== WHAT IS REQUIRED ==
Each line in the data must be reproduced as written, except for any picture.

== PROVIDED MATERIAL ==
########################################

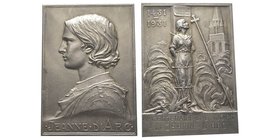 Plaque en argent, Paris, 1931, Jeanne d'Arc, Ve centenaire de sa mort, AG 156.51 g. par G. Prud'homme, 51 X 72 mm
Avers : JEANNE D'ARC Buste de Jeanne...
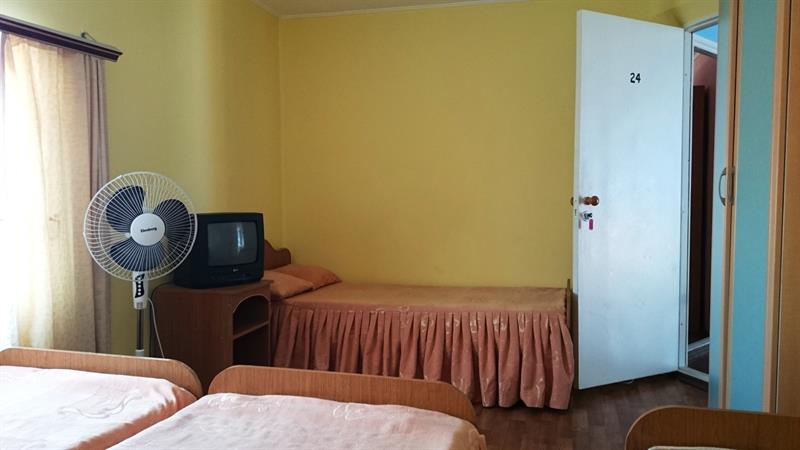 3-х местный номер эконом с общим душем и туалетом . Отель "Априори". Витязево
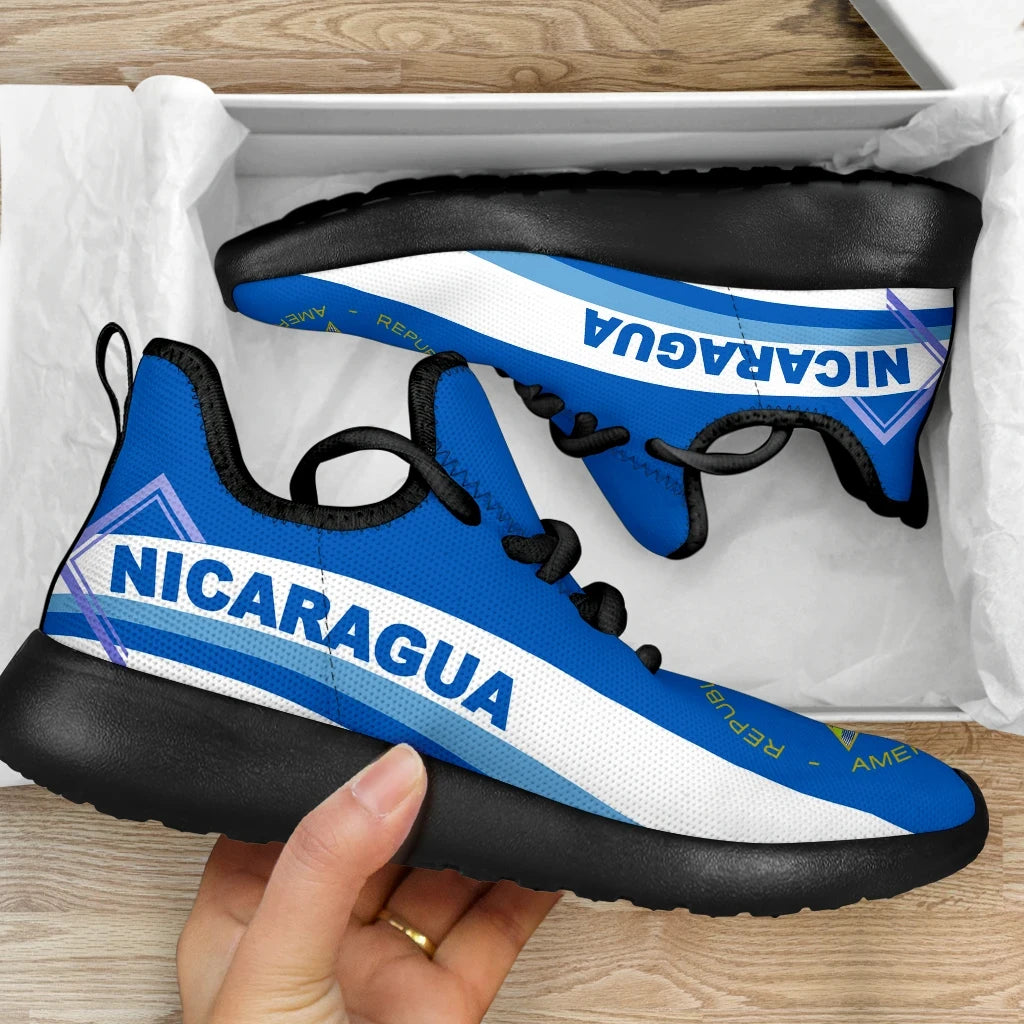 Nicaragua Coat Of Arms Mesh Knit Sneakers RLT8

########################################

== REPLY TO THE TASK ==
 Plaque en argent, Paris, 1931, Jeanne d'Arc, Ve centenaire de sa mort, AG 156.51 g. par G. Prud'homme, 51 X 72 mm
Avers : JEANNE D'ARC Buste de Jeanne...
 3-х местный номер эконом с общим душем и туалетом . Отель "Априори". Витязево
 Nicaragua Coat Of Arms Mesh Knit Sneakers RLT8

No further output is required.